Fixing the diagram $D$, the limit of it should belongs to $\text{Cone}(L,D)$ for some $L\in \mathcal{A}$, and is a universal element among $\text{Cone}(-,D)$. Thus, regarding $\text{Cone}(-,D)$ as a functor $H_D \circ \Delta_\textbf{I}^\text{op} :\mathcal{A}^\text{op} \rightarrow \textbf{Set}$(which is presheaf), $D$ has a limit if and only if the functor has a universal element, which is equivalent to the representability of the functor.
Proposition. For a diagram $D\in[\textbf{I},\mathcal{A}]$,
$$ \exist \lim_{\leftarrow\textbf{I}} D\Longleftrightarrow \text{Cone} (-,D)= H_D\circ \Delta_\textbf{I}^\text{op}=H_{\exist L} \in \hat{\mathcal{A}}\ , $$
and $\displaystyle\lim_{\leftarrow\textbf{I}}D ,\, L$ coincides(up to isomorphism).
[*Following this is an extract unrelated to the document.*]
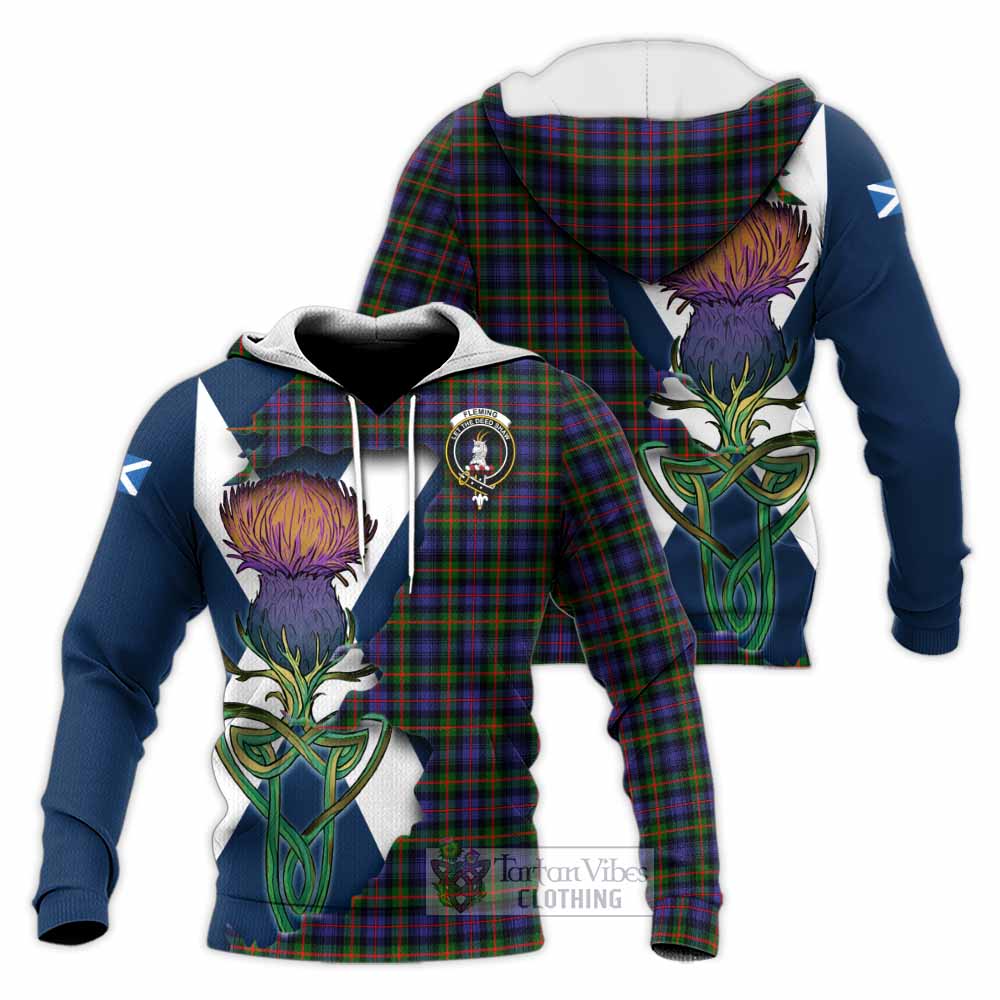 Tartan Vibes Clothing Fleming Tartan Family Crest Knitted Hoodie Scottish Thistle Celtic Inspired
Along with varying the diagram $D$, we now assume $\mathcal{A}$ has a limit of shape $\textbf{I}$. This allows making a well-defined functor $\displaystyle \lim_{\leftarrow\textbf{I}}:[\textbf{I},\mathcal{A}]\rightarrow \mathcal{A}$: Not only it assigns each diagram to its limit, it also assigns each natural transformation between diagrams to unique morphism between limits, using the limit’s property.
Indeed, using this functor, the limit-ness could be stated in even shorter term: The right adjoint of the $\Delta_\textbf{I}$.
Proposition. If $\mathcal{A}$ has a limit of shape $\textbf{I}$, then $\displaystyle \lim_{\leftarrow \textbf{I}}$ is a functor and $\displaystyle \Delta_\textbf{I}\dashv\lim_{\leftarrow \textbf{I}}.$